Now I call myself a short seller but for a different commodity and reason.
I short sell myself.
All the time.
And it is wrong, hurtful, and unwarranted.
I sell myself short when it comes to being in a relationship as I never really consider myself worthy of the other person. I've done this since I can remember and though I've gotten better at managing it, I've been guilty of doing it again when dealing with C.
I'm a very intelligent person, have been called uber smart more than once, but I do dumb things.
I constantly see my value as less than the other person and without any legitimate justification.
I see things that don't exist or let something wiggle it's way into the tiniest of cracks in my self confidence until it's strong enough to shatter the walls I work so hard to erect.
I would look at my shape, pear at the best of times, and compare it those of the men she worked with, normally the words ripped and chiseled comes to mind, and find myself questioning what the hell was she doing with me when all this eye candy was around her 24/7.

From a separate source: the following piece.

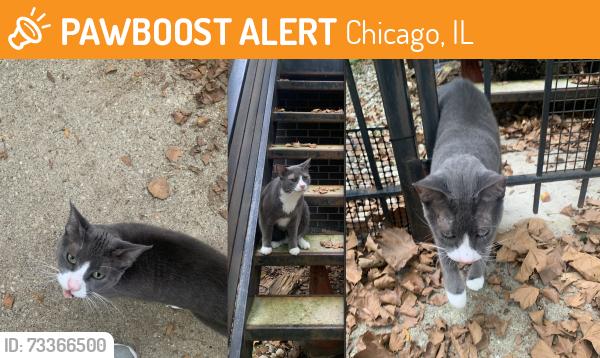 Found/Stray Unknown Cat last seen in between california and western blue line, on N Bingham st, Chicago, IL 60647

What I failed to take into account is that while my body might not be in the greatest of shape my other assets are just fine and more than adequate to keep a person entertained. Now if you are imaging something dangly then shame on you and high fives as well lol
No, what I mean is that I'm actually a pretty decent guy who brings a good grasp of things to the party, a well functioning brain, and usually excellent communications skills. Oh, and I possess more useless trivia than most ten people combined and thus make a premier trivial pursuit partner.
I know I do this and hate it, I also don't like it when someone I'm with does it themselves and will call them out for it. C did it a few times about herself and I reminded her that I loved the whole package and didn't focus on what thing, even though the one thing she obsessed about was also pretty darn good to me, but then I was biased lol
It is only in relationships that I short sell myself. I rock at work with confidence and love the challenge of going up against other good coaches when I coach a soccer game as I never see myself as the lesser coach and think there isn't a game my team can't win, whether this is true or not.

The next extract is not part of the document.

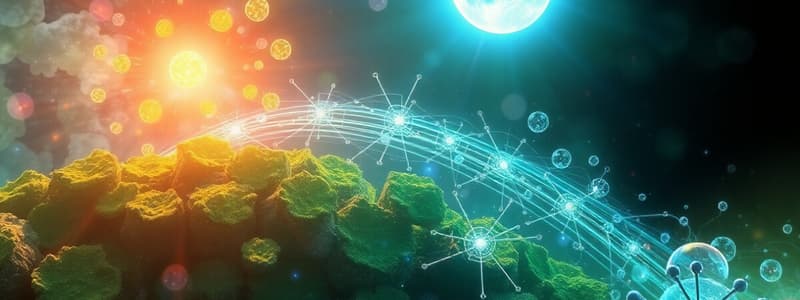 Photosynthesis Overview and Process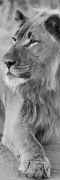 archivbild 60 x 180cm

I know I'm a good parent and do my best to be there for my children so in that arena I'm like a rock start...one of the good ones like Bruce Springsteen or Jon Bon Jovi.......not in looks but in attitude :)
I need to work on the whole self image aspect of being in a relationship and remind myself that it's called a relationship because there are two of us involved...two as in me and her...as in she wants to be in one with me.....or did.....and maybe will once more in the future
So while I can't guarantee that my short selling days are over I can say that the frequency it comes up is a lot less than in the past and that is a really, really good thing.